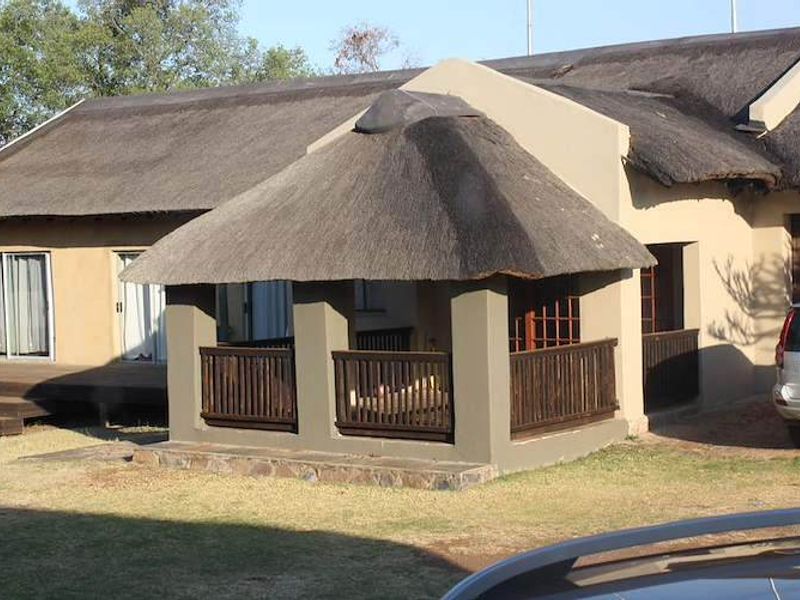 Rear view of a farm-style dwelling featuring a covered patio with a traditional thatch roof, timber balustrades, and wooden decking.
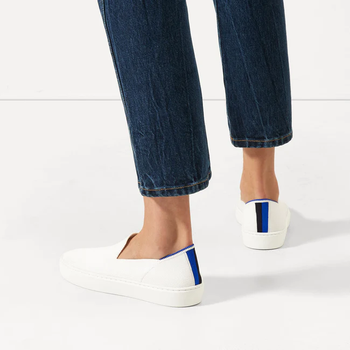 white sneakers with blue stripes on the heels
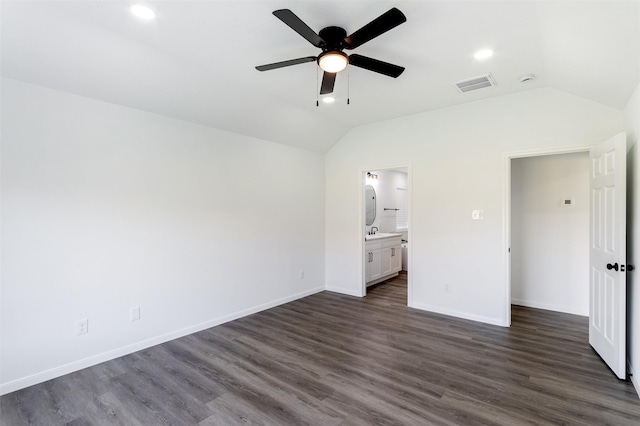 21511 Pepperberry Trl, Spring, TX 77388 - unfurnished bedroom with vaulted ceiling, dark wood-style floors, baseboards, ensuite bath, and ceiling fan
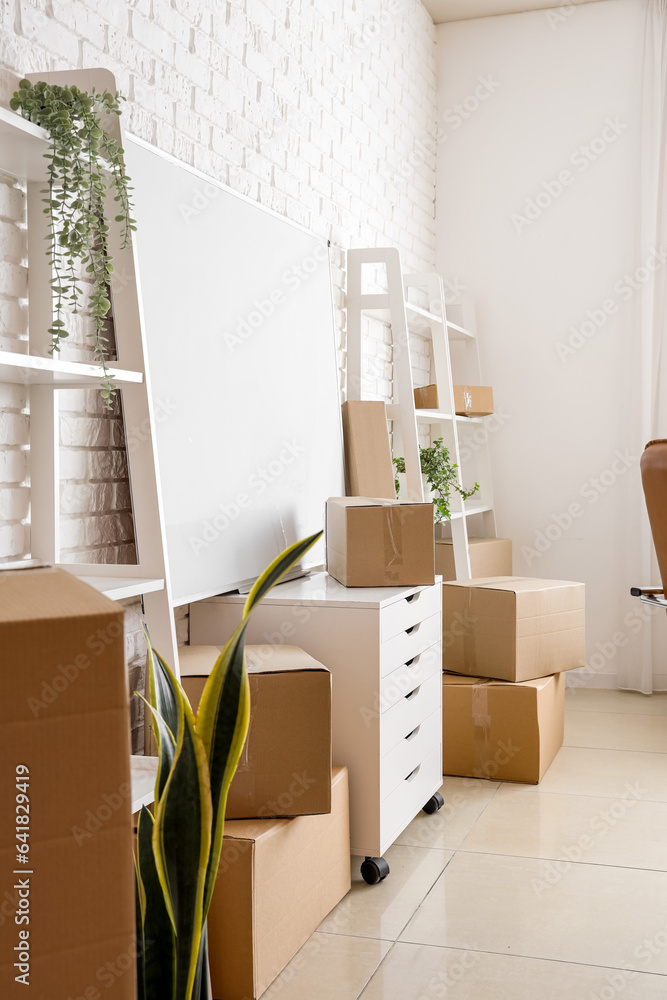 Chest of drawers with cardboard boxes in office on moving day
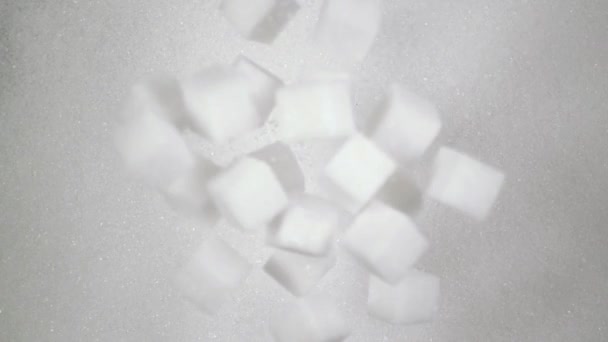 Кубики сахара падают на сахар. Медленно, вид сверху — стоковое видео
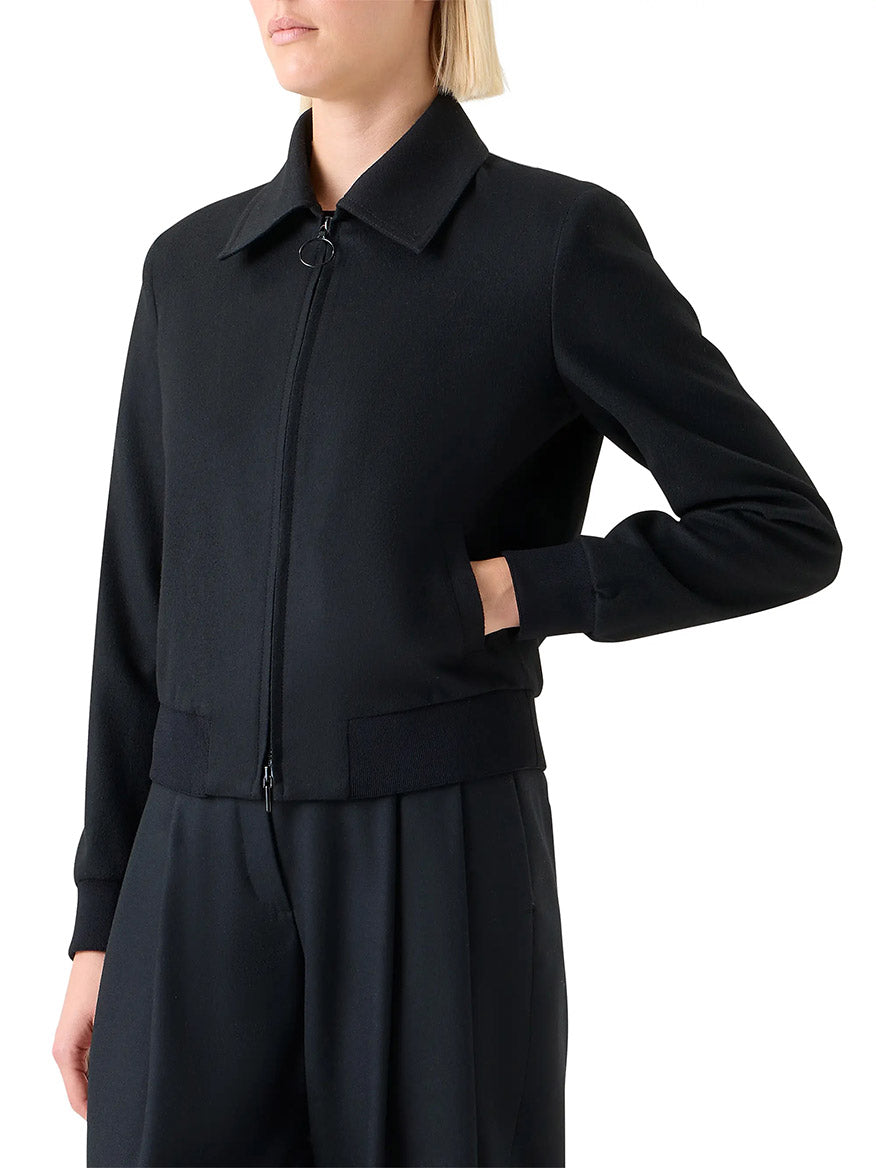 A person wears the Akris Punto Wool/Cashmere Short Bomber Jacket in Black, featuring rib-knit trim, standing with one hand in a pocket against a plain background.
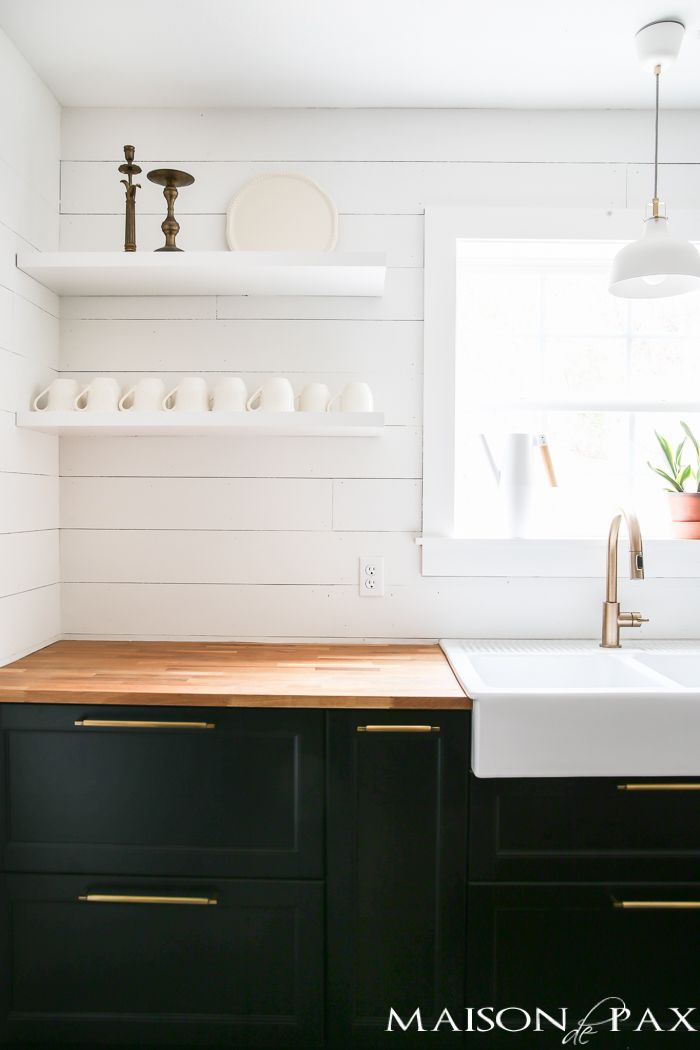 a kitchen with black cabinets and white shiping on the backsplash is seen in this image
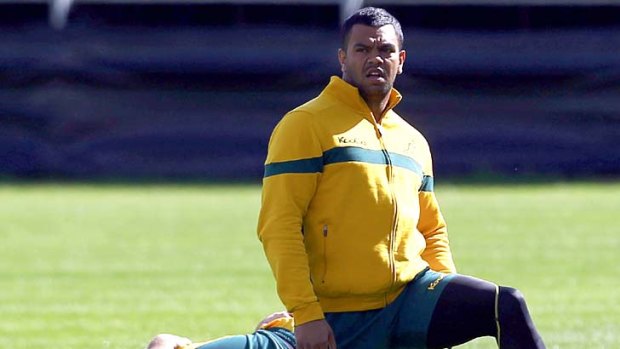 In doubt ... Kurtley Beale stretches at Wallabies training this morning in Auckland.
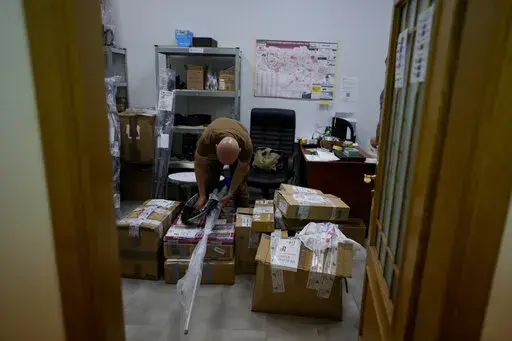 A volunteer prepares boxes of goods to be delivered to soldiers fighting on the eastern and southern fronts, dispatched from an NGO storage center in Kyiv, Ukraine, Monday, June 13, 2022. In the war in Ukraine, troops on both sides are getting supplies from crowd-funders. On the Ukrainian side, the self-starting networks of donors and volunteers are particularly large, spontaneous and well-oiled. At a critical juncture of the invasion, their deliveries of drones, high-tech optical gear, vehicles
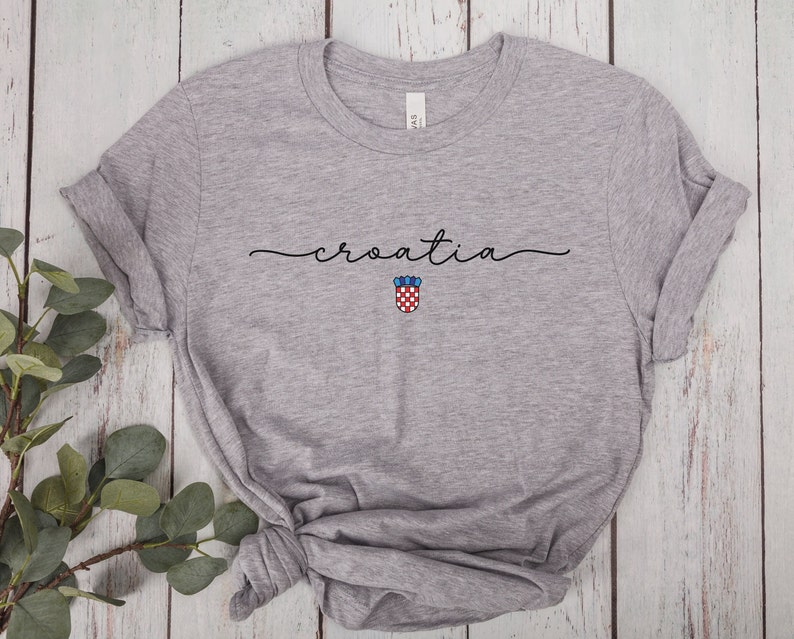May include: Gray t-shirt with the word "croatia" written in cursive script and a small Croatian coat of arms below it.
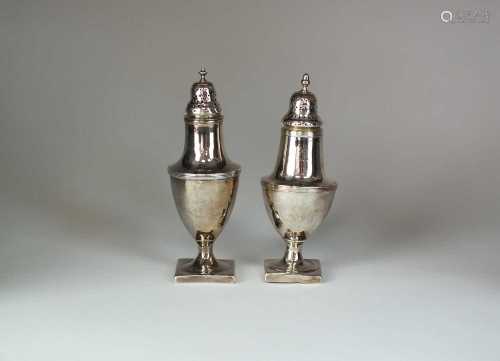 Two George III silver sugar casters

● ● ●

** HOW TO COMPLETE THIS TASK **
Where the data contains an image, skip the image and copy everything else exactly as it appears.

** SOLUTION FOR THIS PROBLEM **
 Rear view of a farm-style dwelling featuring a covered patio with a traditional thatch roof, timber balustrades, and wooden decking.
 white sneakers with blue stripes on the heels
 21511 Pepperberry Trl, Spring, TX 77388 - unfurnished bedroom with vaulted ceiling, dark wood-style floors, baseboards, ensuite bath, and ceiling fan
 Chest of drawers with cardboard boxes in office on moving day
 Кубики сахара падают на сахар. Медленно, вид сверху — стоковое видео
 A person wears the Akris Punto Wool/Cashmere Short Bomber Jacket in Black, featuring rib-knit trim, standing with one hand in a pocket against a plain background.
 a kitchen with black cabinets and white shiping on the backsplash is seen in this image
 In doubt ... Kurtley Beale stretches at Wallabies training this morning in Auckland.
 A volunteer prepares boxes of goods to be delivered to soldiers fighting on the eastern and southern fronts, dispatched from an NGO storage center in Kyiv, Ukraine, Monday, June 13, 2022. In the war in Ukraine, troops on both sides are getting supplies from crowd-funders. On the Ukrainian side, the self-starting networks of donors and volunteers are particularly large, spontaneous and well-oiled. At a critical juncture of the invasion, their deliveries of drones, high-tech optical gear, vehicles
May include: Gray t-shirt with the word "croatia" written in cursive script and a small Croatian coat of arms below it.
 Two George III silver sugar casters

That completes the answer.